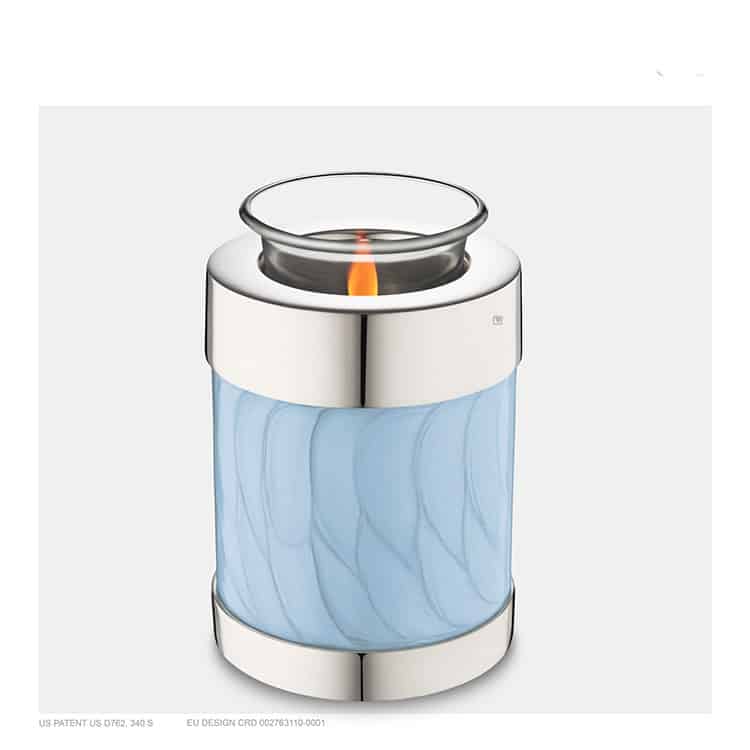 Urn-met-waxinelicht-blauw-T668-Urnenonline.nl_.jpg-2 kopie Urn waxine blauw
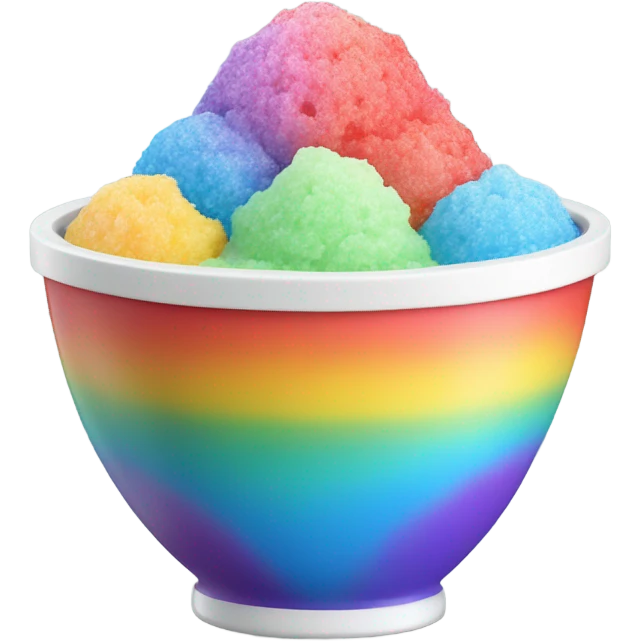 Shave ice in a bowl emoji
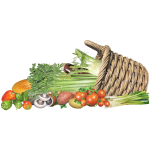 Basket Of Vegetables By Buntysmum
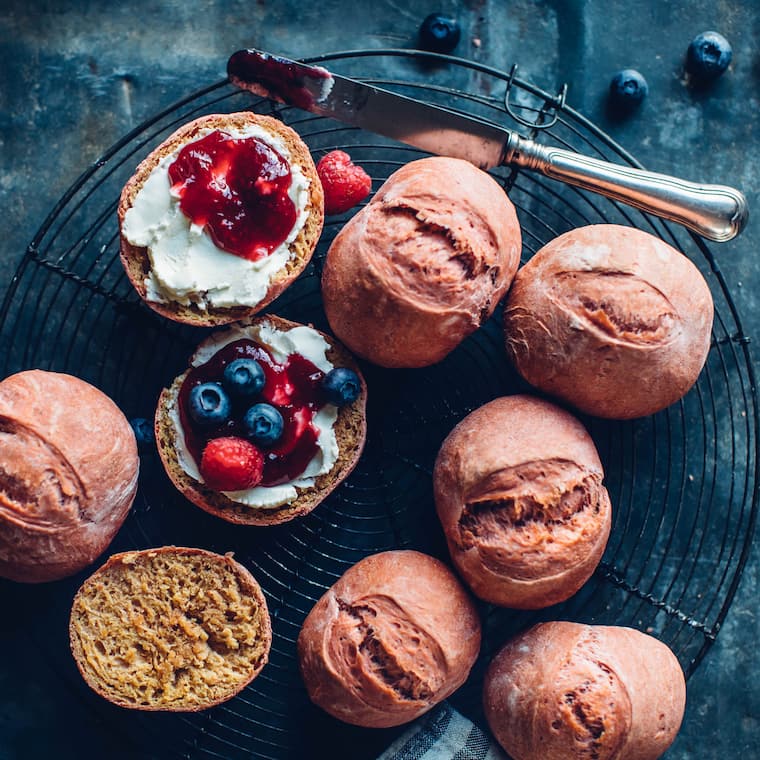 Rote-Bete-Brötchen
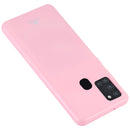 For Samsung Galaxy A21s GOOSPERY JELLY Full Coverage Soft Case(Pink)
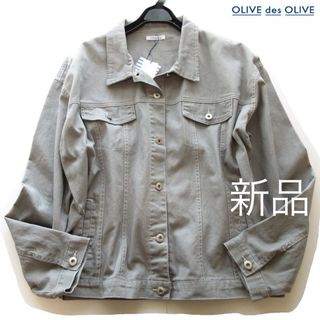 オリーブデオリーブ(OLIVEdesOLIVE)の新品OLIVE des OLIVE オーバーサイズルーズGジャン/BL(Gジャン/デニムジャケット)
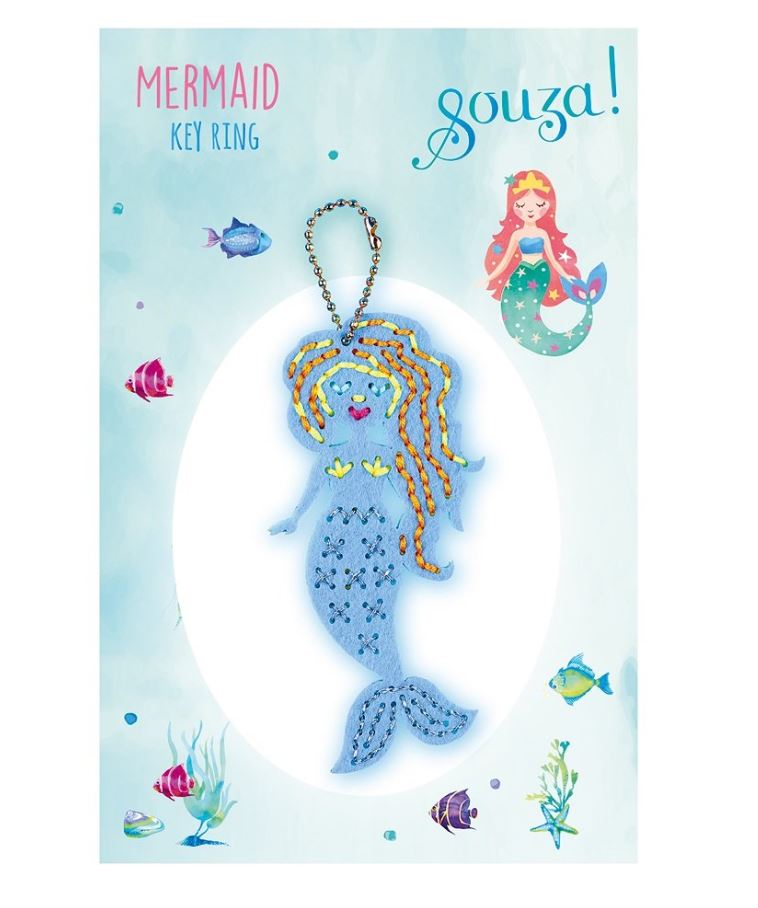 Souza Embroidery Kit – Mermaid Keychain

------------------------------------------------------------

PROBLEM DETAILS:
The copy must begin with the line containing "Rote-Bete-Brötchen", end with the last line of the material, match each line exactly, and hold no pictures.

SOLUTION TO THIS EXERCISE:
 Rote-Bete-Brötchen
 For Samsung Galaxy A21s GOOSPERY JELLY Full Coverage Soft Case(Pink)
 オリーブデオリーブ(OLIVEdesOLIVE)の新品OLIVE des OLIVE オーバーサイズルーズGジャン/BL(Gジャン/デニムジャケット)
 Souza Embroidery Kit – Mermaid Keychain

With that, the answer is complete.